Taxista, escritor y viceversa. Licenciado en charlas casuales y amante discreto del verso suelto.

Doble vida

Hay más vida en la literatura que en la propia vida. Los libros piden a gritos tramas, conflictos, mientras que la vida ordinaria busca todo lo contrario: evitarlos. Aunque no siempre es posible.

Recuerdo a Natalia, que acabó convertida en personaje de la novela que ahora tengo entre manos. Viajó en mi taxi desde la calle Cartagena al hotel Wellington. Era media tarde, las siete o así, un martes o un miércoles de enero. Iba bien vestida y maquillada. Rondaría los cuarenta, pero aparentaba menos. La cuestión es que, durante aquel trayecto, la vi nerviosa, bastante inquieta, como evitando ciertos pensamientos. Lo deduje por sus ojos: no estaban quietos en un punto, sino que ella misma se esforzaba en cambiar el foco a cada rato.

Pues bien, cuando llegamos al hotel y me pagó la carrera, resulta que se dejó olvidado el móvil sobre el asiento. No lo advertí de inmediato, sino que fue el siguiente usuario quien se dio cuenta. Nada más entrar en mi taxi, me lo dijo:

—Uy, alguien se ha dejado un móvil.

De inmediato pensé que sólo podía pertenecer a aquella mujer porque la suya fue mi primera carrera del día. De modo que, cuando terminé el servicio, me acerqué al hotel Wellington y pregunté en recepción. Describí a la mujer (su cabello rubio, su abrigo verde) pero al recepcionista no le costaba haberla visto, y tampoco le sonaba como huésped. Me acerqué al bar, pero no estaba, así que deduje que habría subido directamente a alguna habitación.

Me marché sabiendo que la mujer acabaría llamando a ese mismo móvil, y así fue. Hora y pico después, sonó un timbrazo (en la pantalla figuraba número oculto) y descolgué el teléfono:

—¿Sí?

—Hola, ehh… ¿eres el taxista?

—Sí…

—Mire, soy Natalia, la dueña de ese teléfono. Estoy en el… Wellington, ¿lo recuerda? ¿Podría venir y ya de paso llevarme de vuelta a la calle Cartagena?

—Claro. En diez minutos estoy ahí.

—Gracias. Mil gracias. Le compensaré.

Fui a por ella, le entregué el móvil y, curiosamente, hicimos el trayecto de vuelta en completo silencio. Por norma, en casos como este, el usuario avergonzado suele dar conversación «No sé dónde tengo la cabeza. Gracias, me salvó la vida. La verdad es que no somos nadie sin el móvil, ¿verdad?», pero ella apenas dijo un «gracias» inicial y nada más. Eso sí, poco antes de llegar, se retocó el maquillaje.
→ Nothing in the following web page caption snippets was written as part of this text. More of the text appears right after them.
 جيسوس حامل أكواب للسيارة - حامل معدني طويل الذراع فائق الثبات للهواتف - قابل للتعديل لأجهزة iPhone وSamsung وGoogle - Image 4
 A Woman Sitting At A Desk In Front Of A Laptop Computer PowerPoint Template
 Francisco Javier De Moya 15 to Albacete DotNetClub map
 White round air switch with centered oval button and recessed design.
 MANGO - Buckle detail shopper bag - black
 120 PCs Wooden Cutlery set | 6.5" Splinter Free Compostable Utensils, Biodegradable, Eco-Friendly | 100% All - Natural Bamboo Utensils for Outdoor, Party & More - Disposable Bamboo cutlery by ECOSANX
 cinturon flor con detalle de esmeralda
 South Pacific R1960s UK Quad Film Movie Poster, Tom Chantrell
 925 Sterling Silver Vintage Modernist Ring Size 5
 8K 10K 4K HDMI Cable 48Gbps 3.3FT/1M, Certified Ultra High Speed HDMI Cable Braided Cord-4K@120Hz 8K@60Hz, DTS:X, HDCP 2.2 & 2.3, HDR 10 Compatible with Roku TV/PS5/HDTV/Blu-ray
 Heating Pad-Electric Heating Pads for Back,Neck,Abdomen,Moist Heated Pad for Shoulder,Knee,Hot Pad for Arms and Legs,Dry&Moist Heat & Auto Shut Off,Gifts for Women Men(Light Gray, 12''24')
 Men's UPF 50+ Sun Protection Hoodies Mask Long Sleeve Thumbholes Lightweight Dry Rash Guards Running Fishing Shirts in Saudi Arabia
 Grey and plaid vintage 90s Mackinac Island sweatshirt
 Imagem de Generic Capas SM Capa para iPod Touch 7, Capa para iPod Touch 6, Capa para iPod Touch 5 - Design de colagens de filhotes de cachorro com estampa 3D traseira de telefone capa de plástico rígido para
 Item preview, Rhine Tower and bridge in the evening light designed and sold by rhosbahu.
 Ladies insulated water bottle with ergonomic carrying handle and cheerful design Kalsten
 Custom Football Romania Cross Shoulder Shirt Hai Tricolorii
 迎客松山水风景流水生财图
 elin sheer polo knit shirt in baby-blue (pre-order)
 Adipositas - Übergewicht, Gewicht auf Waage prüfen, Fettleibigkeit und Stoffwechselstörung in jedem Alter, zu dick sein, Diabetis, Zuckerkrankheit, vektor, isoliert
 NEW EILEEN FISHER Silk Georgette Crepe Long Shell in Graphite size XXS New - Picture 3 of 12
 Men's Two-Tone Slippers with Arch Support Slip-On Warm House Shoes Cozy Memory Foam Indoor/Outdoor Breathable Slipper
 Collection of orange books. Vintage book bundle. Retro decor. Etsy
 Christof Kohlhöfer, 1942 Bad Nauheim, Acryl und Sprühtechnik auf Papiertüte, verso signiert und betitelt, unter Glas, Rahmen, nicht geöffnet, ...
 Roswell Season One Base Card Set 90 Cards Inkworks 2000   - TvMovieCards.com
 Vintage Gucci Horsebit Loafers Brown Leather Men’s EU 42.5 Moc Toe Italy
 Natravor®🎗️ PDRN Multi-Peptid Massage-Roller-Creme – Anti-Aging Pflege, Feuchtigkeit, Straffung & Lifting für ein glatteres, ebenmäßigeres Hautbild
Y me pagó en metálico. Dato importante.

Otro dato: el salvapantallas de su móvil era la foto de un hombre, también de cuarenta y tantos, y un chico y una chica adolescentes. Sonriendo los tres. Con el Teide de fondo.

(Siento insistir en esto, pero después de tantos años sigo sin conocer oficio más literario que el taxi. A los hechos me remito).